See Book Trailer Here

My current students are especially drawn to the illustrations. I am especially drawn to the poetry that precedes the introduction of each new activist. My students engage with the stories especially  because they can relate to the children who are celebrated in the book. This year we have already begun recognizing power and the ability to speak out using this important piece of literature. This spring, this same team will launch their companion title, No World Too Big: Young People Fighting Global Climate Change. I am so moved by the first book, No Voice Too Small, that I am including them in a climate activism project that I am developing with my kindergarten class this year. 

     Building the conditions for climate activism to occur with young children, I am working with environmental organizations in Los Angeles to create field trips to natural habitats to build a foundation of environmental engagement. I am partnering with policy-makers to create policy engagement. I am anxiously anticipating the second book, No World Too Big and I have reached out to the authors of these books to create literary engagement. I am proud to know Keila and Jeanette through our Kidlit for Growing Minds group. I am hoping to create an event with a local, Los Angeles, independent bookstore, The Book Jewel, that brings together my current students and the creators when they launch their second book this coming spring. 

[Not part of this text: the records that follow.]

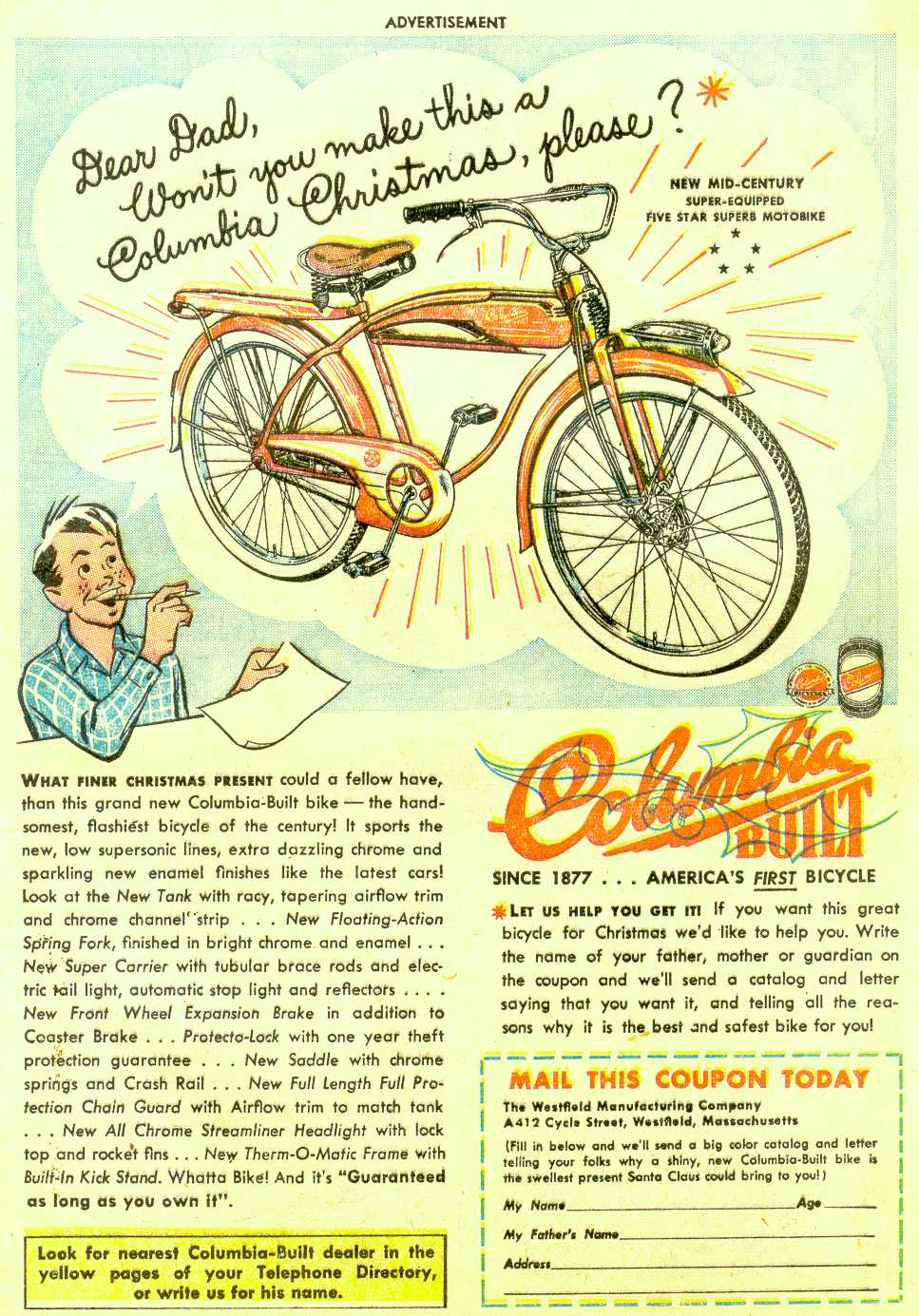 Read online The Adventures of Bob Hope comic -  Issue #6 - 11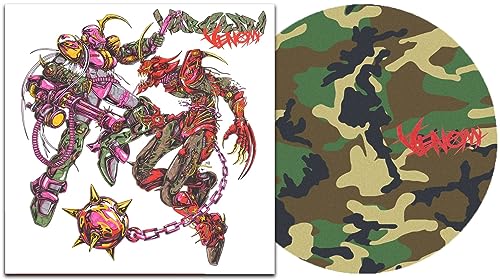 Venom [Camouflage Picture Disc LP] [Vinyl]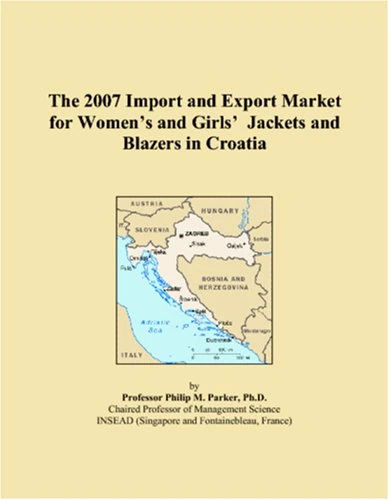 The 2007 Import and Export Market for Womens and Girls Jackets and Blazers in Croatia
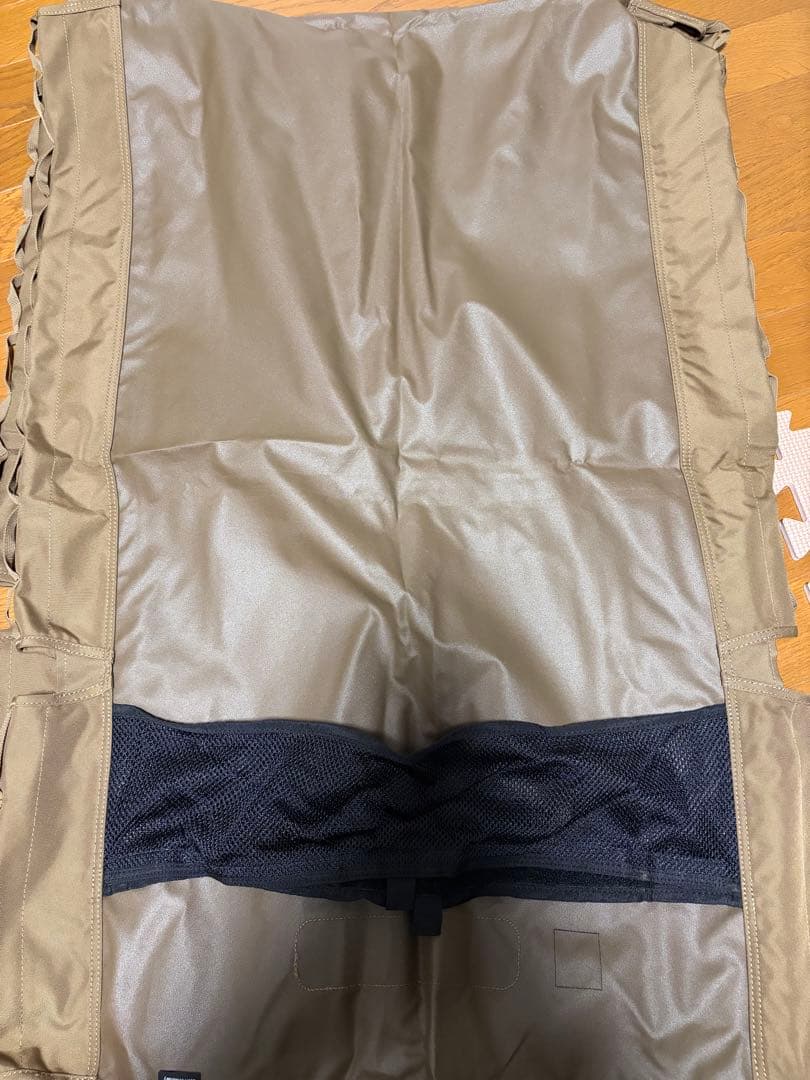 Helinox ヘリノックス タクティカルコット　コットレッグ付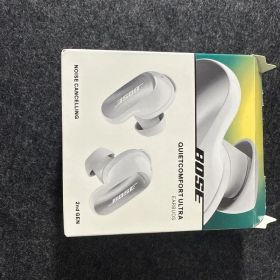 Bose QuietComfort Ultra Earbuds (第2世代)
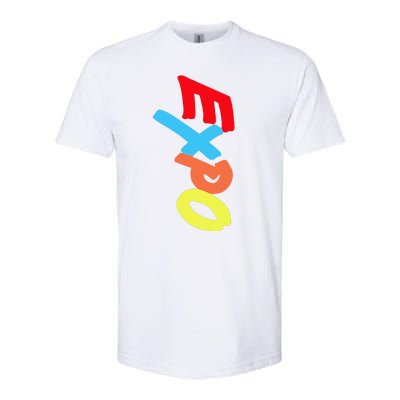 Dry Erase Marker Group Softstyle CVC T-Shirt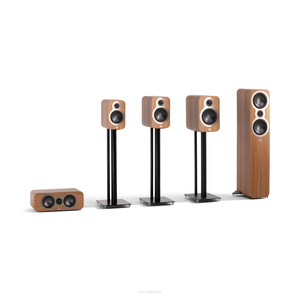 Q Acoustics 3020c głośniki podstawkowe - 10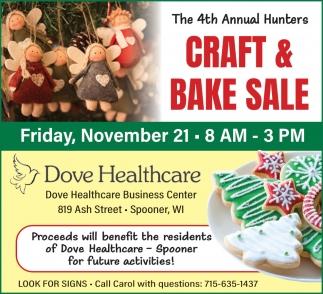 Dove Healthcare - Spooner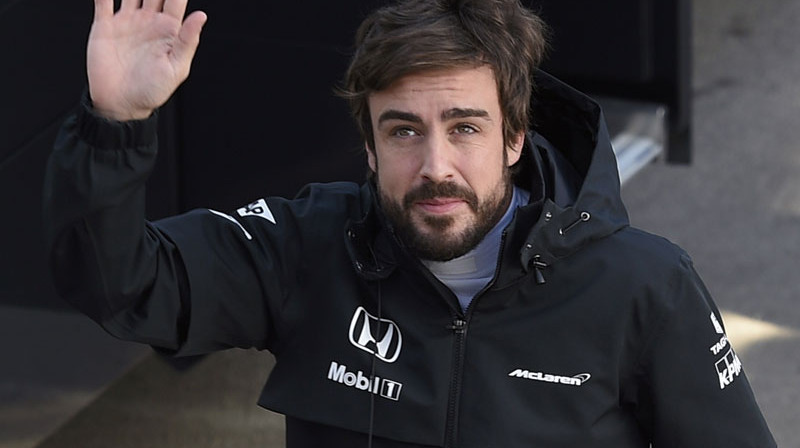Fernando Alonso
Foto: AP/Scanpix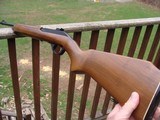 Marlin Model 99 M1 Near New Condition Designed To Resemble M1 Carbine - 9 of 14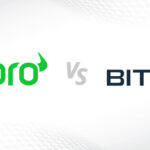 eToro vs. Bitfinex - veľké porovnanie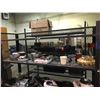 Image 2 : 2 SHELVES OF ASSORTED DISHWARE, COOKWARE AND MORE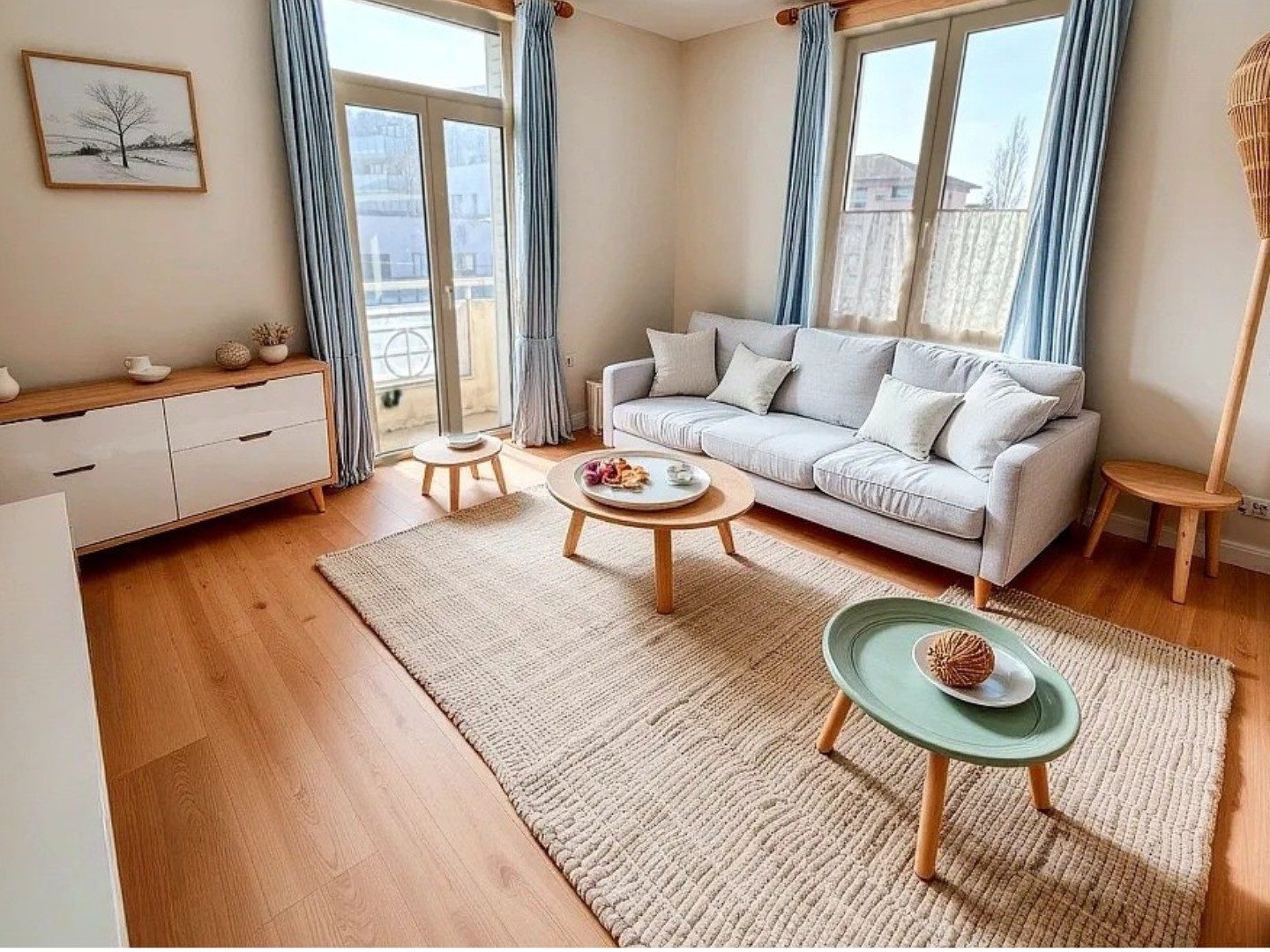 Grand Appartement à Thonon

     I’m not sure what my young daughter had in mind when she questioned my methods, but I feel like have found my way to engage with the ongoing climate crisis. It is my hope that by bringing together organizations that can get children into nature, elected officials  who can demonstrate that young people can and should be able to access and influence policy making, and authors who can write about and inspire young people to tell their stories (which ultimately makes movements), I am doing my own part in my own little corner of the world.